Nella prima settimana dell’anno gli agenti dell’Ufficio Immigrazione della Questura di Monza e della Brianza hanno eseguito 13 provvedimenti adottati dal Questore Salvatore Barilaro nei confronti di altrettanti extracomunitari irregolari sul territorio nazionale e resisi responsabili di numerosi reati sia contro la persona, sia contro il patrimonio, oltre che di spaccio di sostanze stupefacenti. In particolare, il 2 gennaio è stato eseguito l’accompagnamento al Cpr di Milano di un senegalese nato nel 1987, gravato da diverse condanne penali per spaccio, reato per il quale era stato più volte arrestato in flagranza.
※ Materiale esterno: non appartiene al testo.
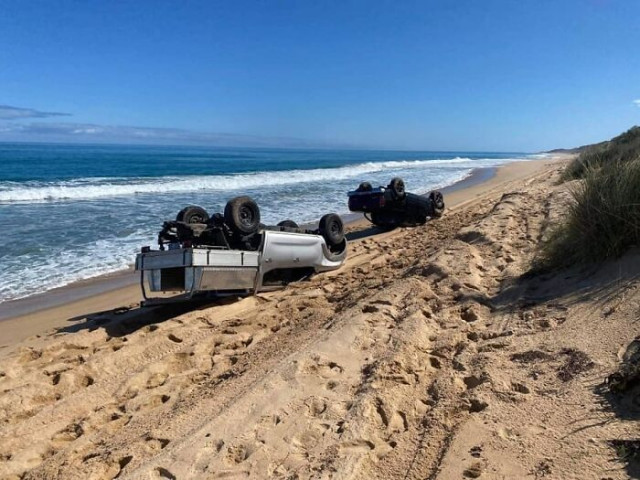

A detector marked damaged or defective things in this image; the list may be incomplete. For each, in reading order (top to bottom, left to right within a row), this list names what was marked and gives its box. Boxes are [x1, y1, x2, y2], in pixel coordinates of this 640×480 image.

overturned white pickup truck [134, 195, 344, 304] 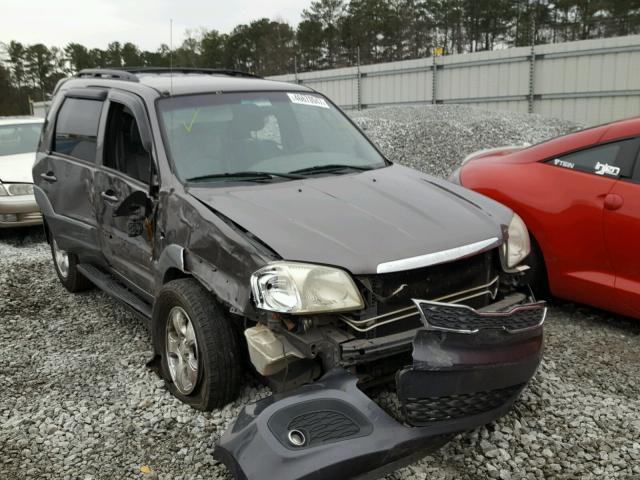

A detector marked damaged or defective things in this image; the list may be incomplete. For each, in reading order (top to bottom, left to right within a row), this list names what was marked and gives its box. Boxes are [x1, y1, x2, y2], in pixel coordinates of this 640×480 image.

damaged gray suv [33, 68, 544, 480]
broken headlight [251, 262, 364, 316]
dented hood [188, 164, 512, 274]
broken headlight [500, 213, 528, 270]
detached bumper cover [216, 298, 544, 478]
cracked front bumper [216, 298, 544, 478] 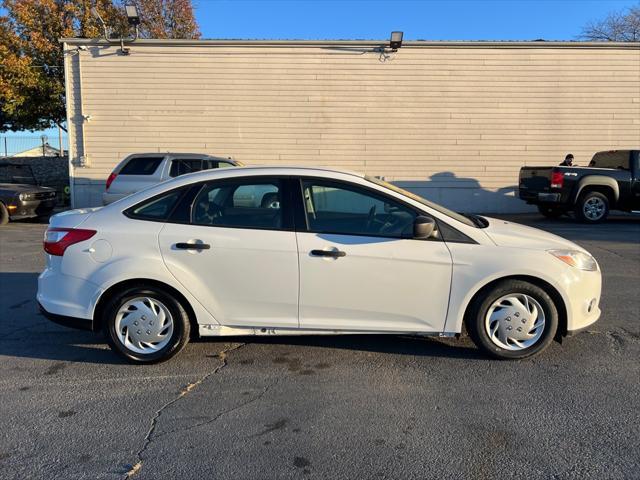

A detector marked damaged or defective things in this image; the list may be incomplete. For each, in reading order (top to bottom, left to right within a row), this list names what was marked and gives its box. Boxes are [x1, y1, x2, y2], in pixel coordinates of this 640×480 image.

parking lot crack [122, 344, 245, 478] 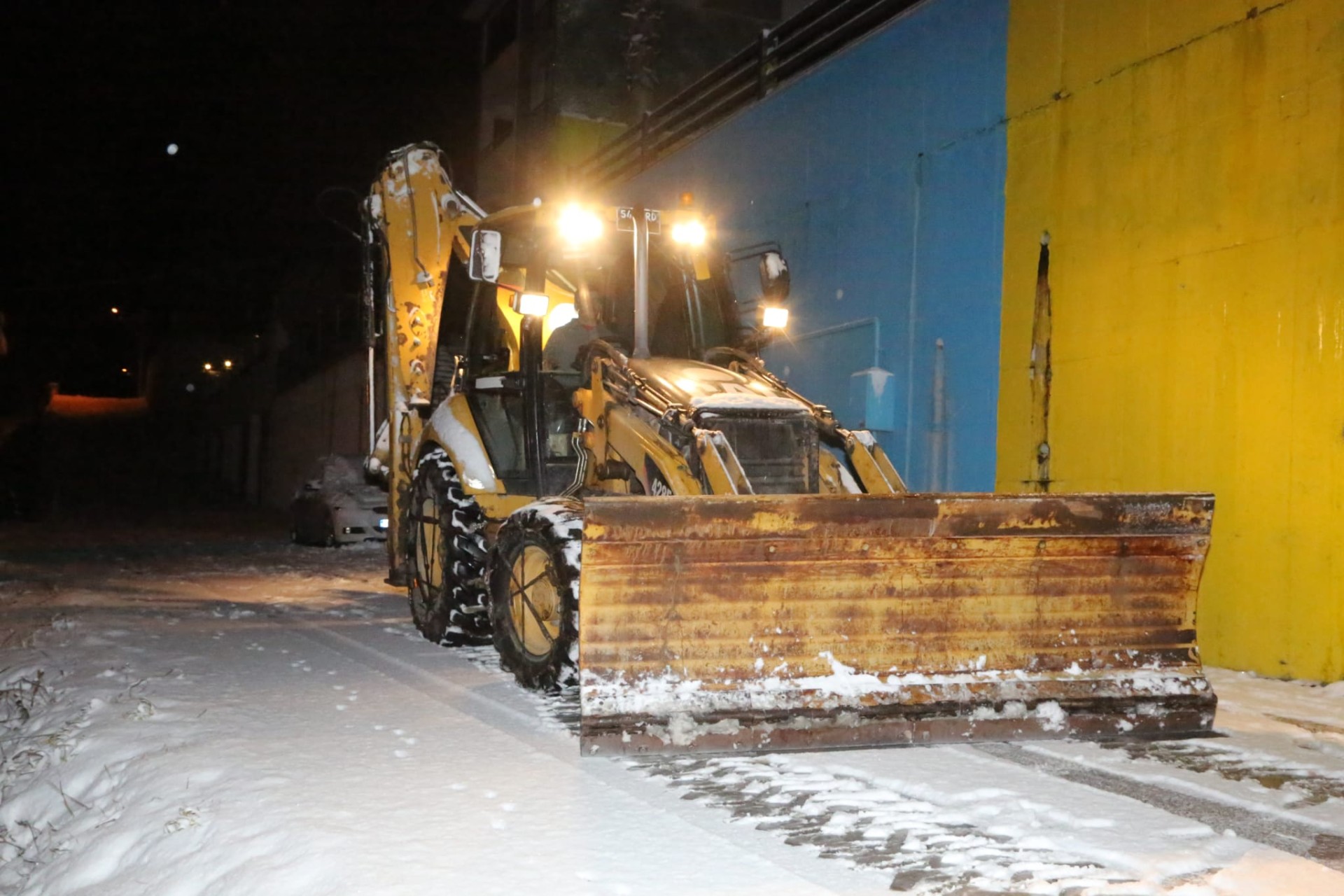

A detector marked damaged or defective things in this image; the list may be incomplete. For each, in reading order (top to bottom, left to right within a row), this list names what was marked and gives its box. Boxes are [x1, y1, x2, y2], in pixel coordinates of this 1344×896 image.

rusty metal plow blade [575, 494, 1220, 752] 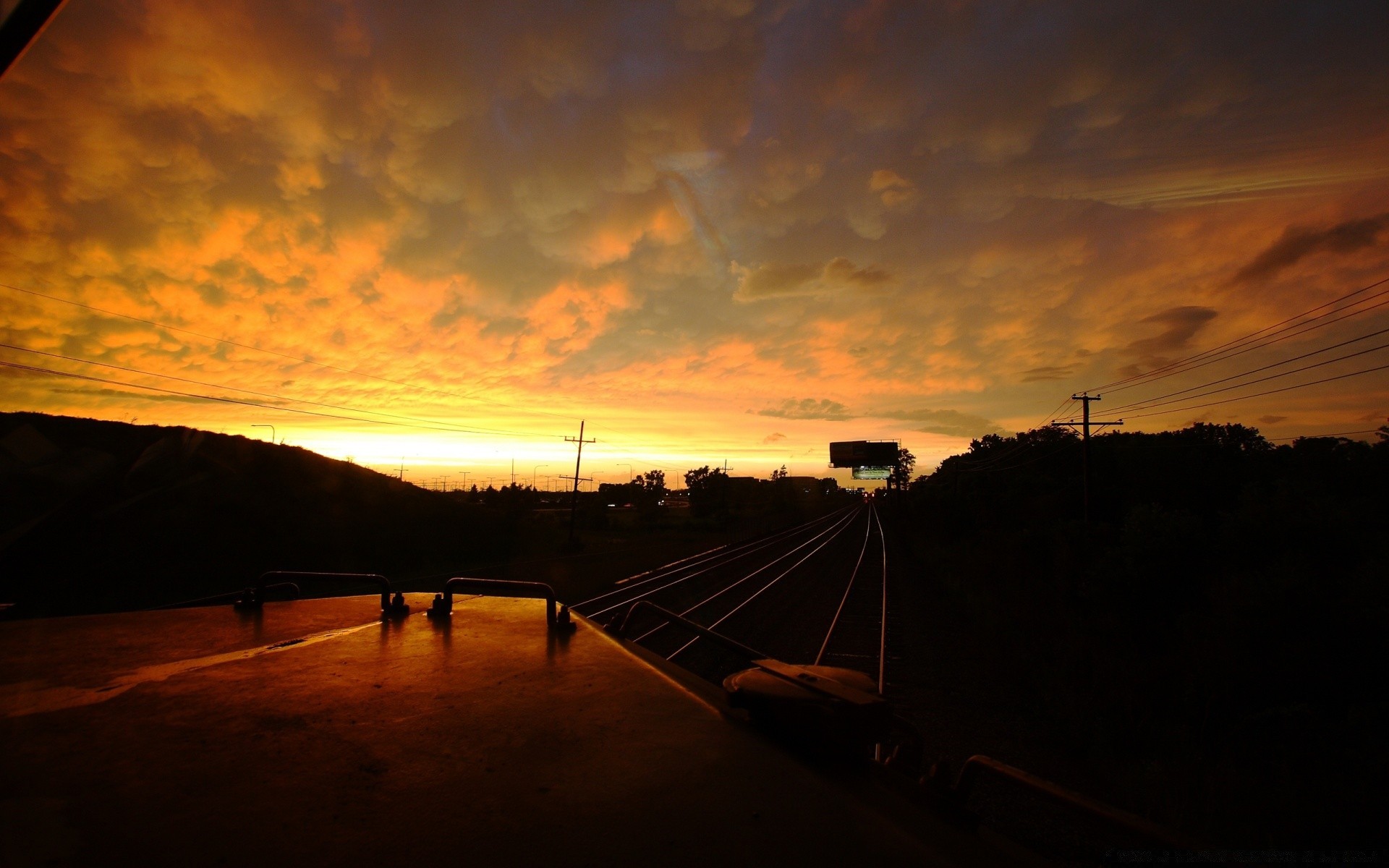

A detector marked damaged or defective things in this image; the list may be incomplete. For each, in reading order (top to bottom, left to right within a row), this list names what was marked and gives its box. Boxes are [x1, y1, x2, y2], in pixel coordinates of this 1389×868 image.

rusty metal surface [5, 591, 994, 861]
Giunto in Italia nel 2018, aveva più volte tentato di ottenere il riconoscimento della protezione internazionale, ma l’istanza, reiterata per due volte dopo il primo rigetto, gli era stata sempre respinta. Nel 2020 era stato colpito da decreto di espulsione del Prefetto di Milano a cui non aveva ubbidito e nel 2021 per questo era stato condannato a 6 mesi e 20 giorni di reclusione e alla multa di € 1.666 euro oltre al pagamento delle spese processuali. Nuovamente arrestato in flagranza nel 2022 per spaccio, gli era stato notificato un ordine di carcerazione per i reati di spaccio e resistenza a pubblico ufficiale, per una pena residua da scontare di 7 mesi e 28 giorni.
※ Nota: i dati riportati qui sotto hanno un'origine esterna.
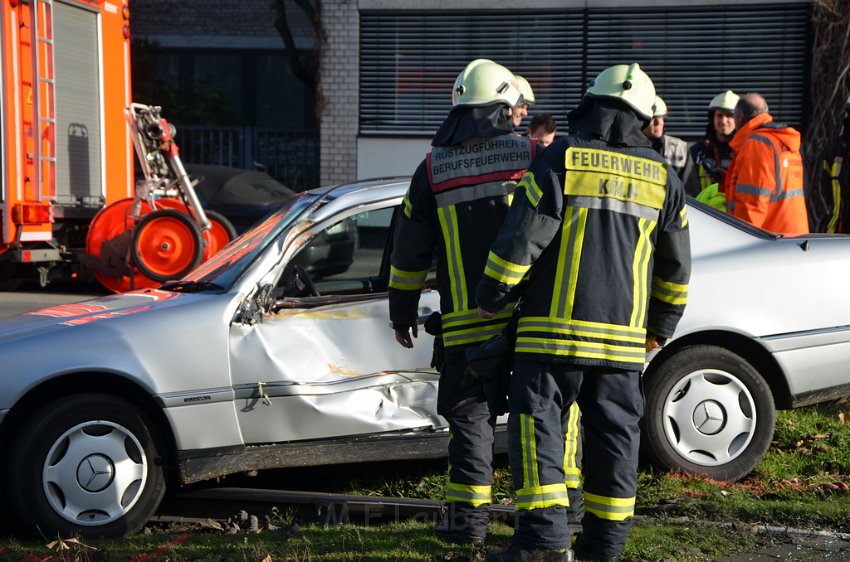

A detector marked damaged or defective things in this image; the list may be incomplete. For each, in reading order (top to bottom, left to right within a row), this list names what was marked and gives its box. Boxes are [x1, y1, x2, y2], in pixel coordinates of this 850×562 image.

damaged silver car [1, 177, 848, 536] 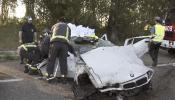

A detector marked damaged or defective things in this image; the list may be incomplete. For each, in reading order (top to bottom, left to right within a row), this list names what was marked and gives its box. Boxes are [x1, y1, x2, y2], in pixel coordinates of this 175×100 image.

overturned vehicle [37, 35, 153, 99] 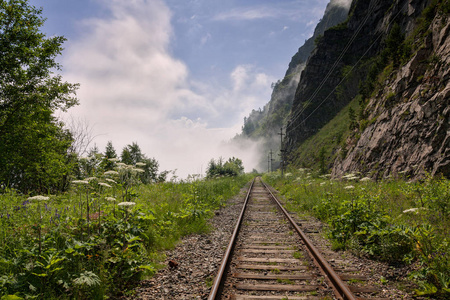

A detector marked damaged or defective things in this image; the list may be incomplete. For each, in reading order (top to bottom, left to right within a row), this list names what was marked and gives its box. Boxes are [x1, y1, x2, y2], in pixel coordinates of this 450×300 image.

rusty railroad track [207, 178, 386, 300] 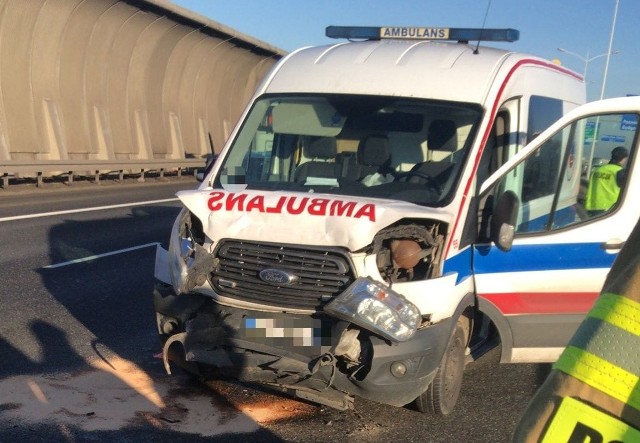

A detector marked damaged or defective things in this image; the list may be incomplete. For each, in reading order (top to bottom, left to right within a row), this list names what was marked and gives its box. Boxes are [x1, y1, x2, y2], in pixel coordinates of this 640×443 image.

damaged ambulance front end [154, 91, 480, 412]
broken headlight [322, 278, 422, 344]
Il 6 gennaio è stato accompagnato al Cpr di Roma un marocchino del 1991: era stato appena scarcerato per concorso in omicidio e per tentato omicidio nel contesto di un agguato fra due gruppi di cittadini maghrebini. All’atto dell’esecuzione del fermo, lo stesso era anche stato arrestato per spaccio (10 grammi di cocaina). Il 7 gennaio è finito invece al Cpr di Gradisca d’Isonzo un georgiano del 1985. Aveva scontato 5 mesi e 27 giorni per tentata rapina impropria: a luglio si era impossessato in un supermercato di 6 bottiglie di superalcolici (150 €) e, una volta scoperto dall’addetto alla sicurezza, lo aveva spintonato cercando di darsi alla fuga.

Aveva precedenti penali per reati in materia di immigrazione, possesso e fabbricazione di documenti di identificazione falsi, porto di armi od oggetti atti a offendere, concorso in furto.

Nella medesima settimana il Questore di Monza ha adottato altri dieci provvedimenti nei confronti di altrettanti stranieri extracomunitari irregolari sul territorio nazionale, di cui sei ordini di allontanamenti dal territorio nazionale e quattro misure alternative di trattenimento del passaporto per il tempo necessario all’organizzazione del viaggio di rimpatrio nel paese di provenienza: si tratta di tre marocchini del 2001, del ‘99 e dell’82, di un tunisino dell’89, di due pakistani dell’88 e dell’89, di uno del Bangladesh del ‘95, un mauritano del 2001, di un peruviano del ‘93 e di un egiziano del 2003.